Come il Maestro, porta sulle spalle la stanchezza dell’intercessione e il logoramento dell’unzione per il suo popolo, specialmente là dove la bontà deve lottare e i fratelli vedono minacciata la loro dignità. In questo incontro di intercessione il Signore va generando la mitezza capace di capire, accogliere, sperare e scommettere al di là delle incomprensioni che ciò può suscitare. Fecondità invisibile e inafferrabile, che nasce dal sapere in quali mani si è posta la fiducia.
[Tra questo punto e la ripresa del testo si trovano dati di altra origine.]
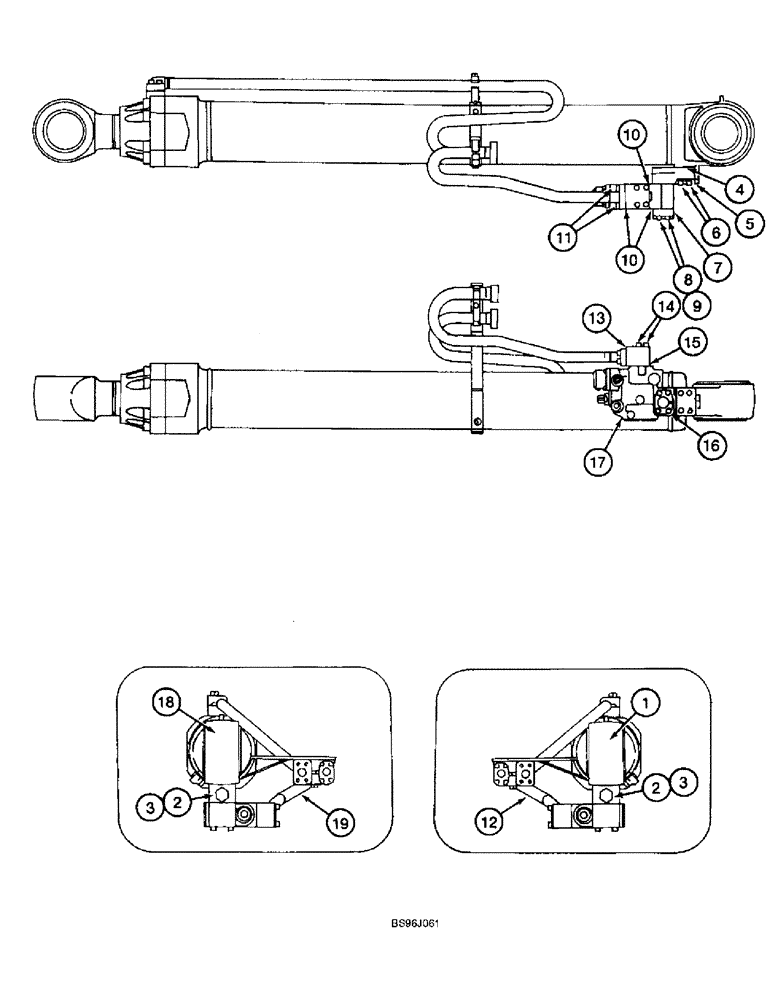 Схема запчастей Case 9060B - (8-184) - LOAD HOLDING OPTION, BOOM CYLINDERS WITH HOLDING VALVES (08) - HYDRAULICS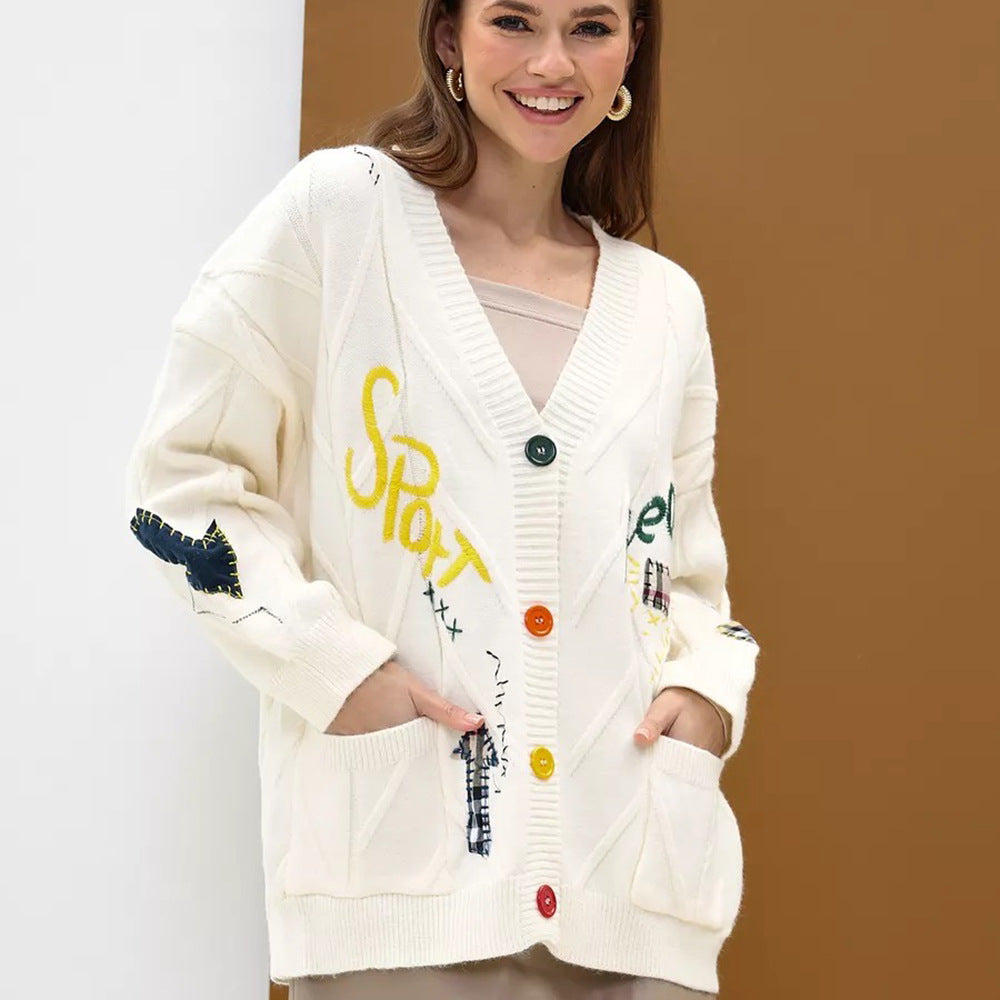 Cardigan pour femmes avec broderie colorée Chic & Stil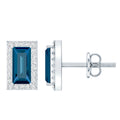 Pendientes de topacio azul de Londres talla baguette de medio quilate natural con halo de diamantes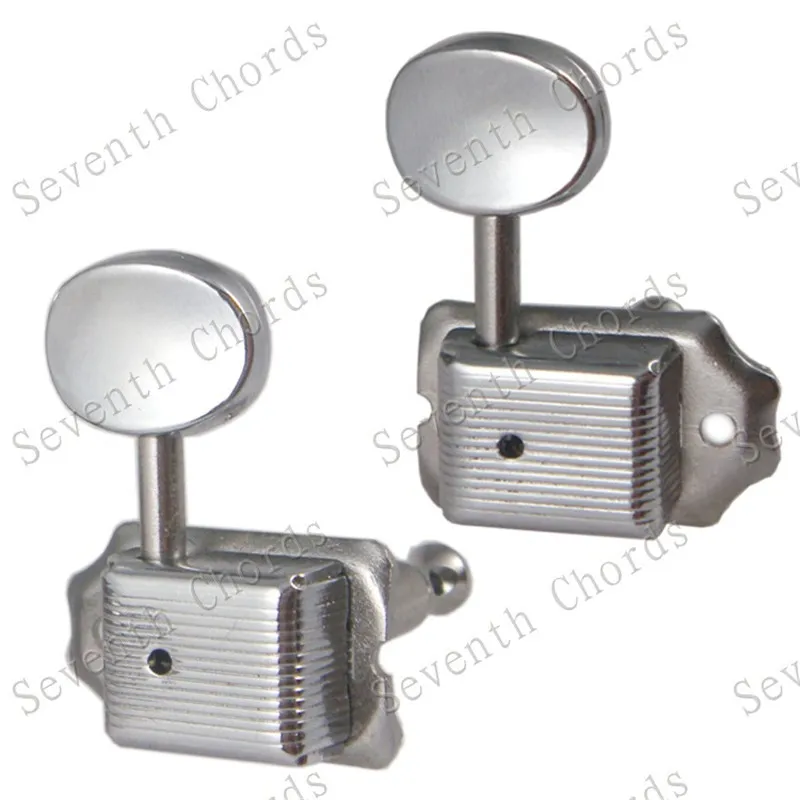6-teiliges Set Chrom-Silber Vintage Gitarrenstimmwirbel 6R E-Gitarren-Stimmwirbel Mechaniken Gitarrenzubehör Teile – Detail 5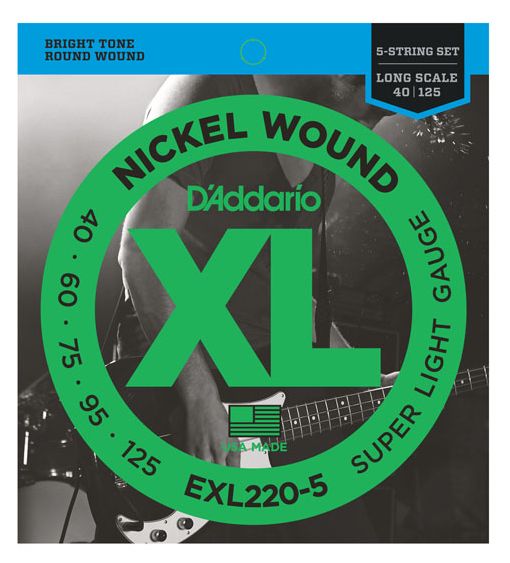 D'Addario EXL220-5 5-String Nickel Wound Bass, Super Light, 40-125, Long Scale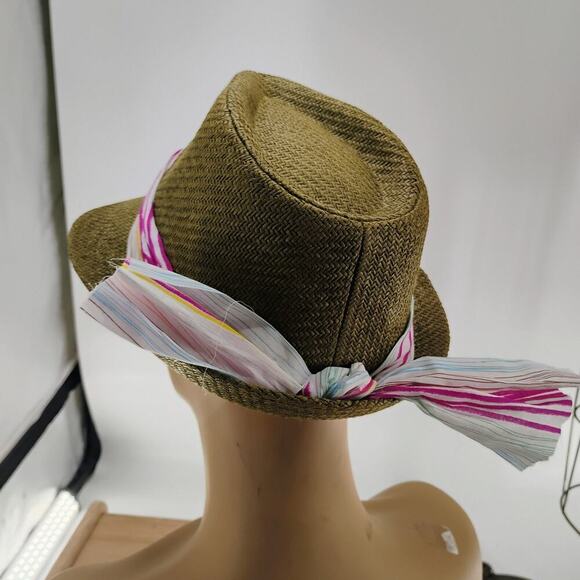 Desigual paper straw hat linen open hat brown cream tan summer hat resort beach - Picture 1 of 10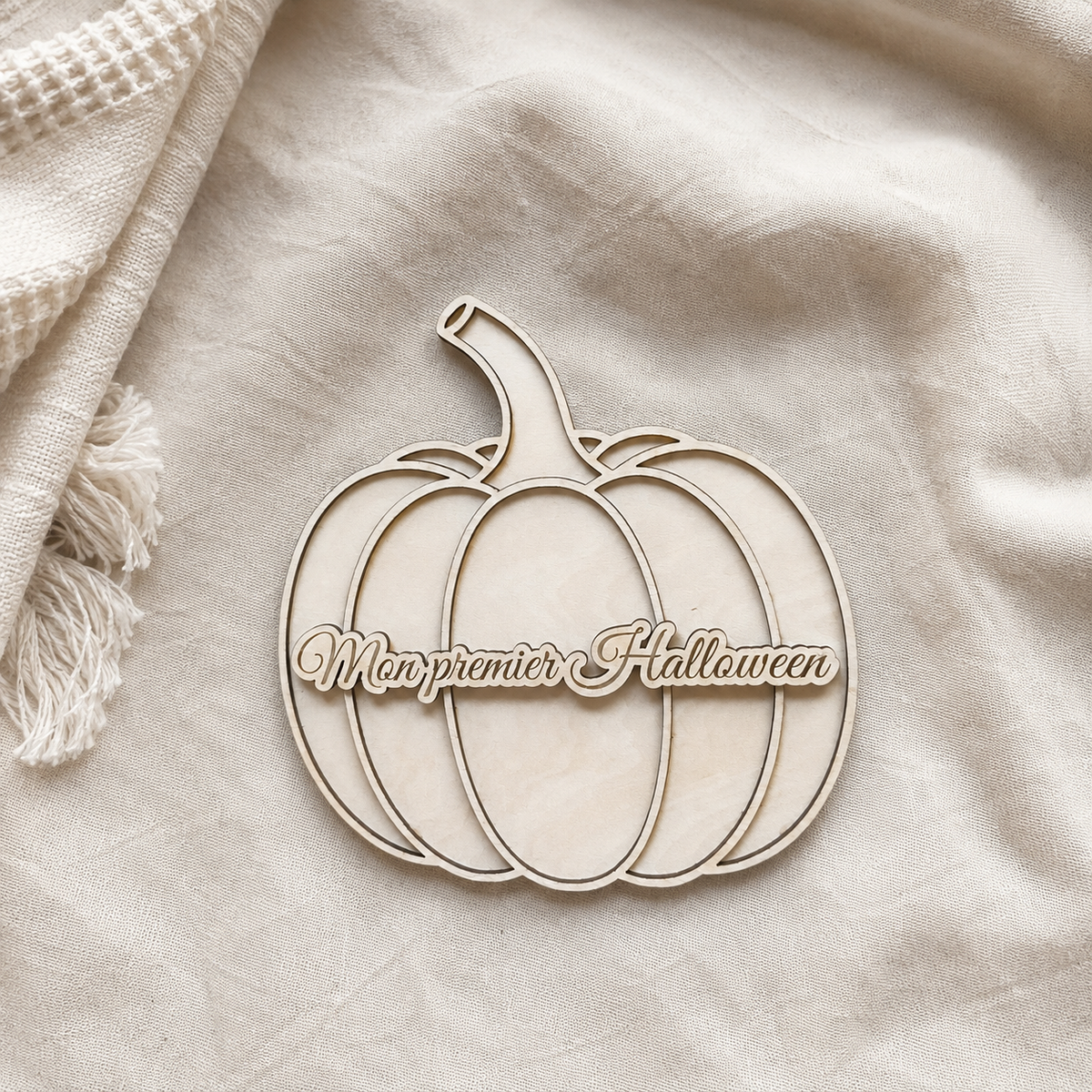 Plaque en bois « Mon premier Halloween » - Citrouille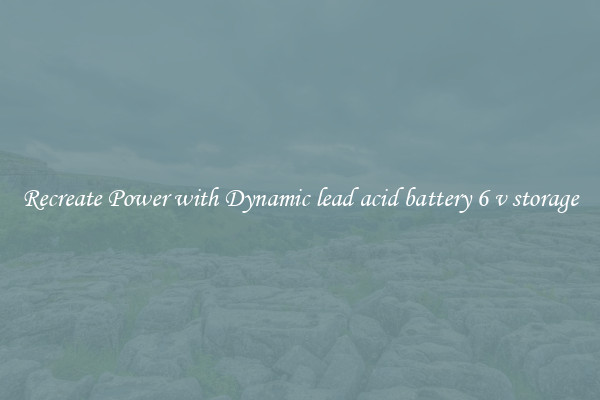 Recreate Power with Dynamic lead acid battery 6 v storage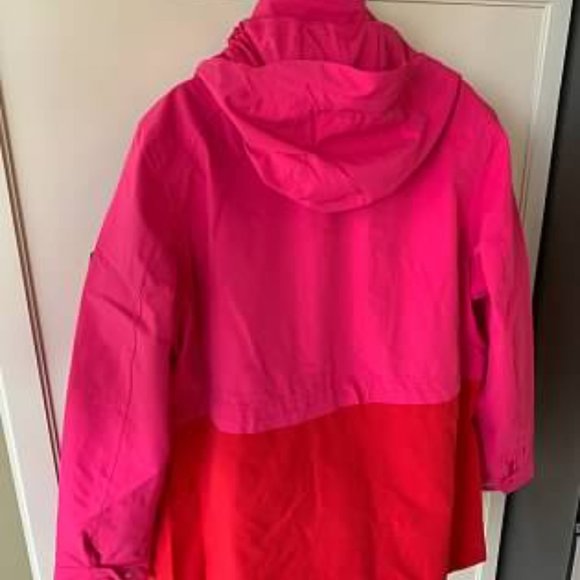 Joules Fuchsia Dewberry Color Block Rain Jacket- NWT- SZ 6- 14 - Picture 5 of 7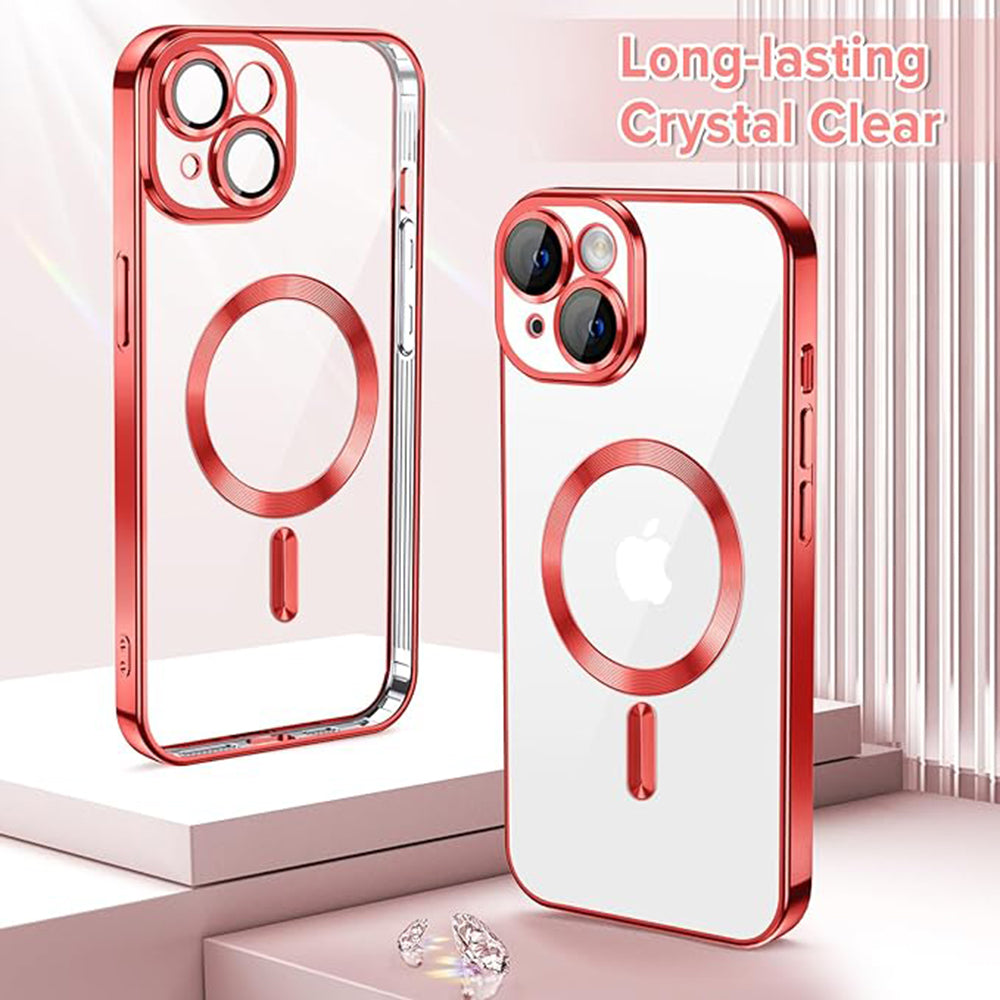 Capa MagSafe para Apple iPhone 14, Techsuit, Luxury Crystal, Vermelha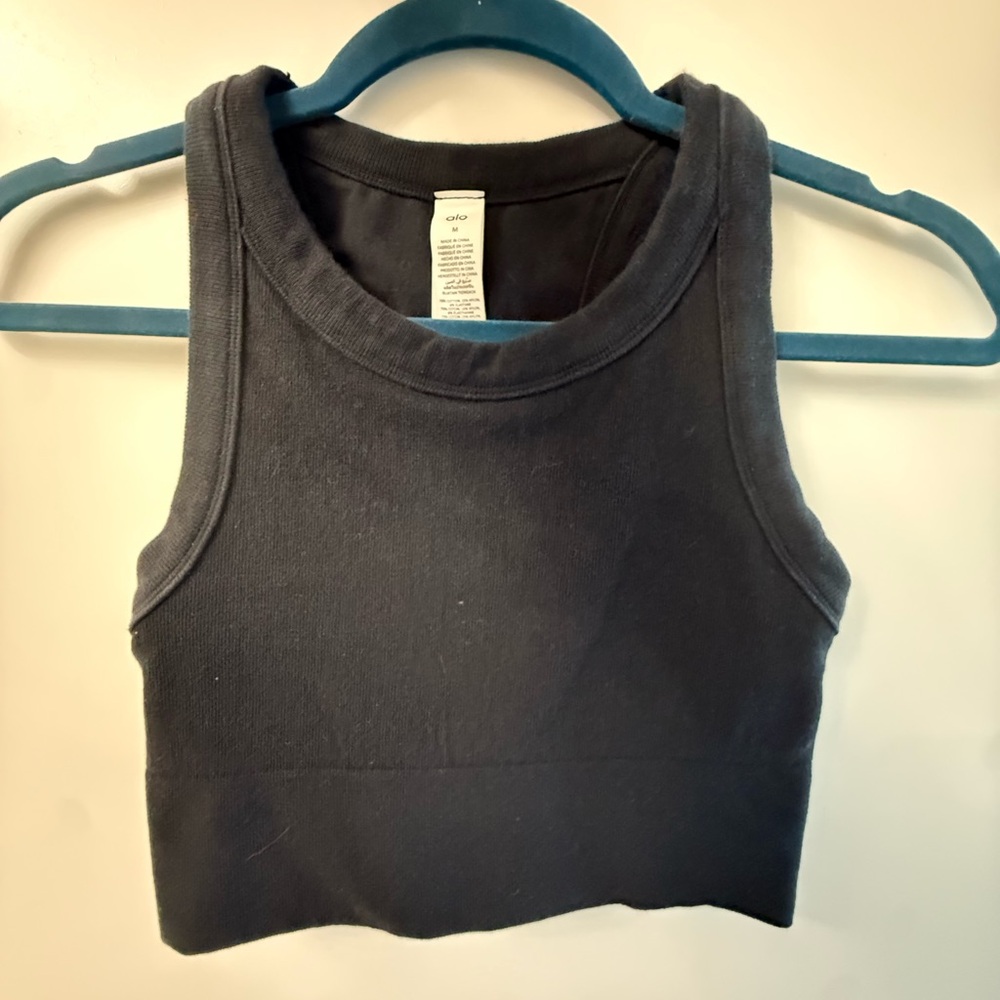 ALO Yoga Classic Cropped Black Tank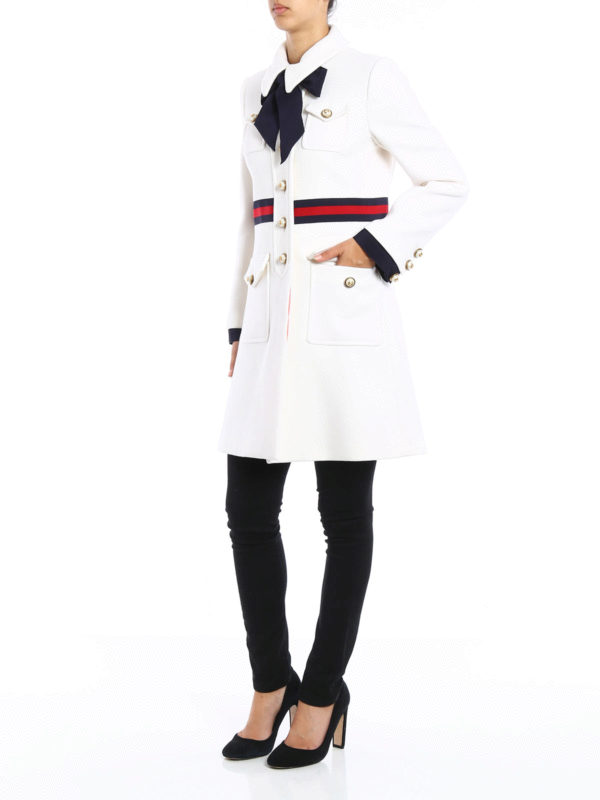 Web embellished wool coat shop online: GUCCI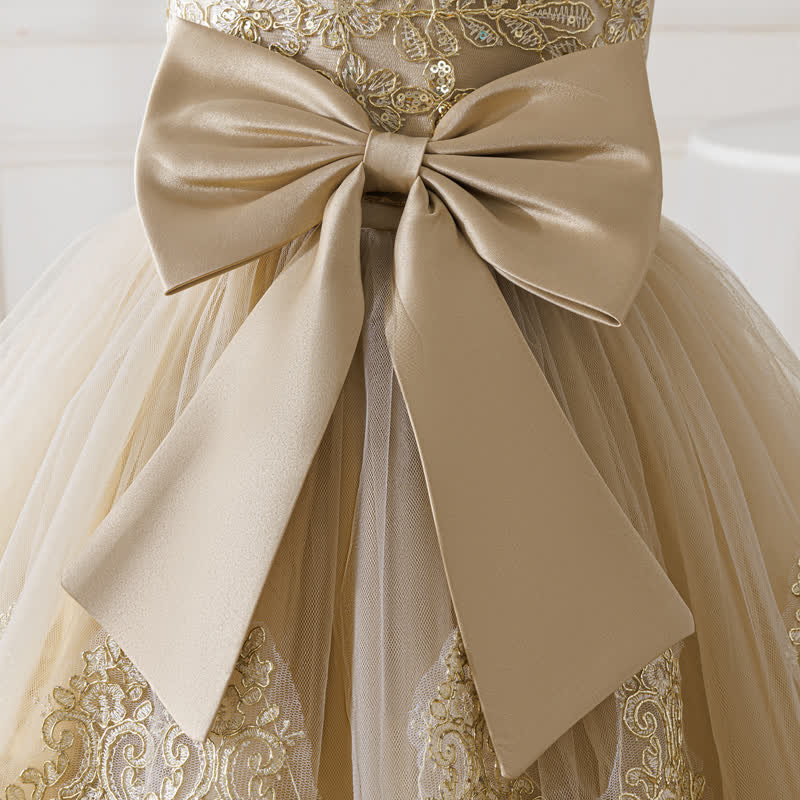 Embroidery Mesh Bow Floral-embroidered Short Sleeve Maxi Dresses - image 8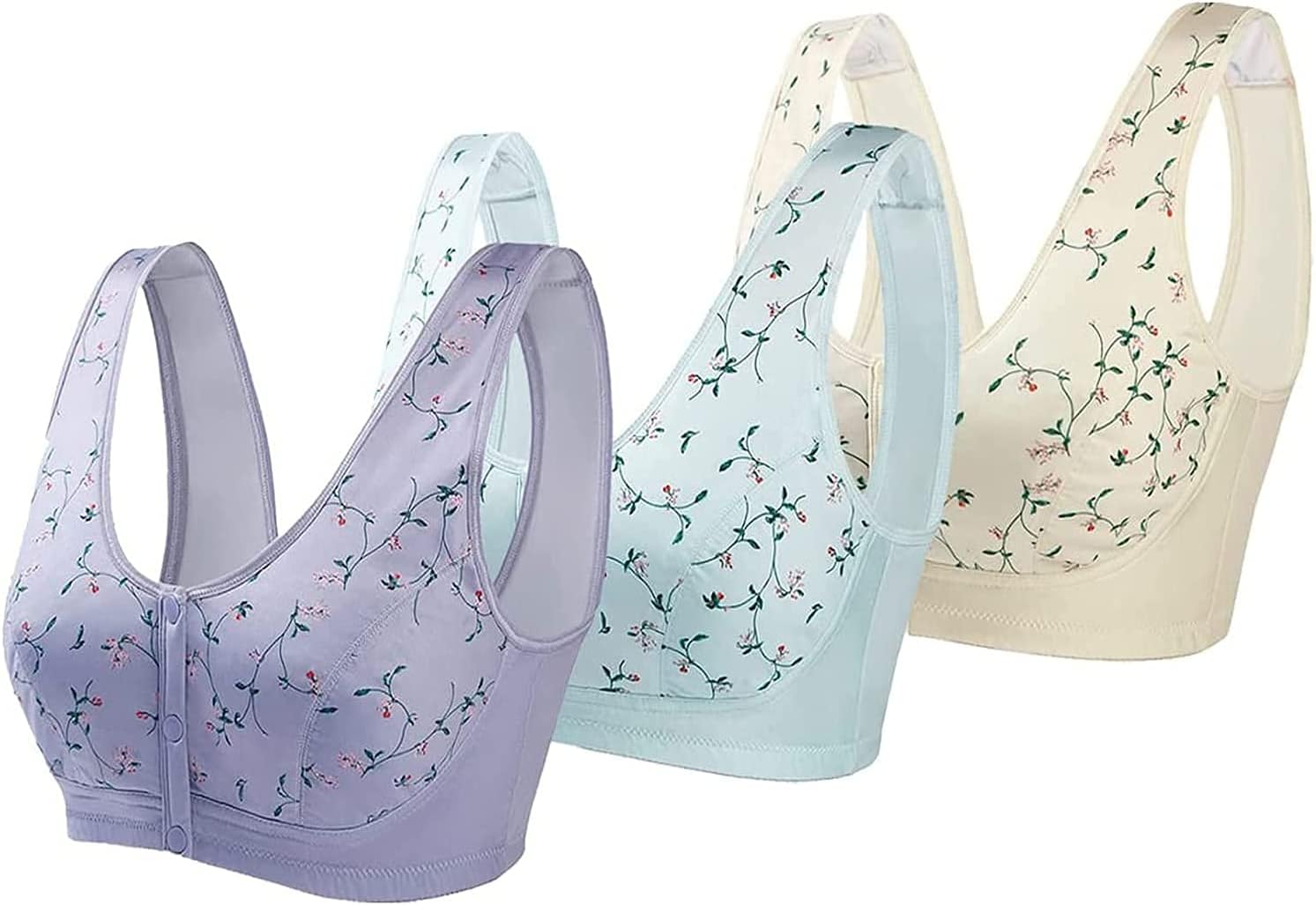 Popsalie Front Button Bra,Snap Front Close Comfort Bra for Older Women and Gils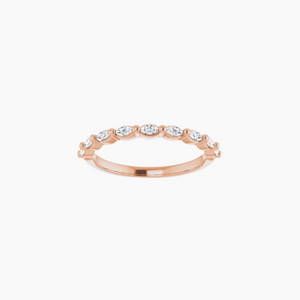 Monarch Marquis Wedding Band with Diamonds 14kt Rose Gold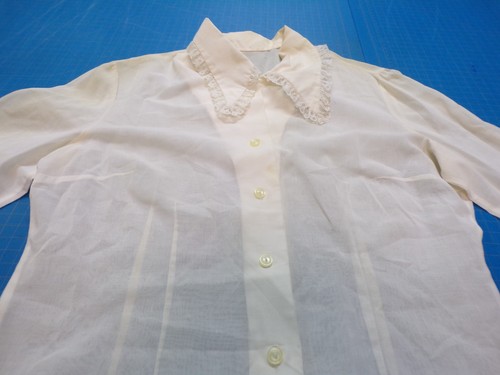 VTG. St Michael Ivory Blouse Sheer Long Sleeve, Lace Trim W Size 36/14 UK Brand - Picture 4 of 19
Fiducia orante e adoratrice, capace di interpretare le azioni del pastore e adattare il suo cuore e le sue decisioni ai tempi di Dio: «Pascere vuol dire, e amare vuol dire anche essere pronti a soffrire.
Amare significa: dare alle pecore il vero bene, il nutrimento della verità di Dio, della parola di Dio, il nutrimento della sua presenza» (Benedetto XVI, Omelia nella Messa di inizio del pontificato, 24 aprile 2005). […] È il Popolo fedele di Dio che, riunito, accompagna e affida la vita di chi è stato suo pastore. Come le donne del Vangelo al sepolcro, siamo qui con il profumo della gratitudine e l’unguento della speranza per dimostrargli, ancora una volta, l’amore che non si perde; vogliamo farlo con la stessa unzione, sapienza, delicatezza e dedizione che egli ha saputo elargire nel corso degli anni. Vogliamo dire insieme: “Padre, nelle tue mani consegniamo il suo spirito”.